Exercise:
Find the limit of the perimeter of a broken line $M_0M_1...M_n$ inscribed in a logarithmic spiral $t = e^{-\phi}$ (as $n \to \infty$), if the vertices of this broken line have, respectively, the polar angles $\phi_0 = 0$, $\phi_1 = \frac{\pi}{2}$, $\cdots$, $\phi_n = \frac{n\pi}{2}$.
Attempt:
I have no idea how to go about this. All I've been able to do is verify that there is a defined limit:
$\lim\limits_{n \to \infty}{e^{\frac{-\pi}{2}n}} = 0$, so the sum of smaller and smaller lengths will result in a defined number.
Request:
Can I get a kickstart? Hints are welcome. (If I'm still lost I'll ask for the solution.)

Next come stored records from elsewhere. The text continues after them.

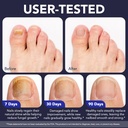 toenail-fungus-pen-toenail-treatment-ext-6.jpg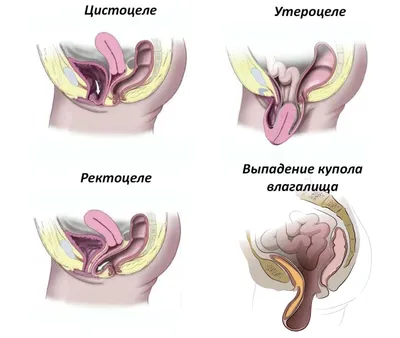 Цистоцеле: симптомы, диагностика, лечение, операция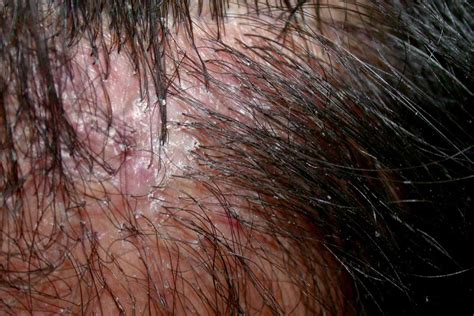 Mild Folliculitis Scalp Treatment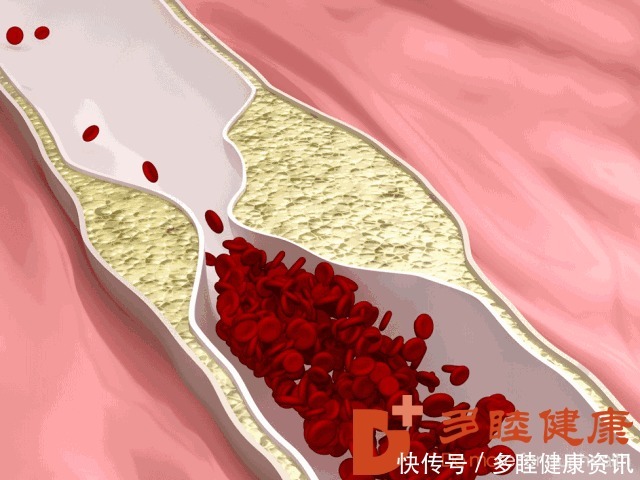 过滤器|高血脂治疗新手段——双重血液净化疗法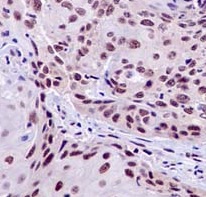Immunohistochemical analysis of paraffin embedded Human cervix carcinoma tissue sections labeling PRPF8 using ab185547 at a 1/250 dilution. A ready to use HRP Polymer for Rabbit IgG was used as the secondary. Hematoxylin counterstain.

I've worked this out and tested it. So let me get you started. We can express this logarithmic curve in the complex plane as
$$z=e^{(i-1)\theta}$$
So first we identify the discrete points on the line whose length you would like to determine, i.e,
$$z_n=e^{n(i-1)\pi/2}$$
Then the length we wish to determine is given simply by
$$\sum_{n=1}^\infty|z_n-z_{n-1}|$$
And you can take it from there. Just bear in mind that $|e^{i\theta}|=1$. I imagine this can generalized for any flair coefficient and $\Delta\theta$.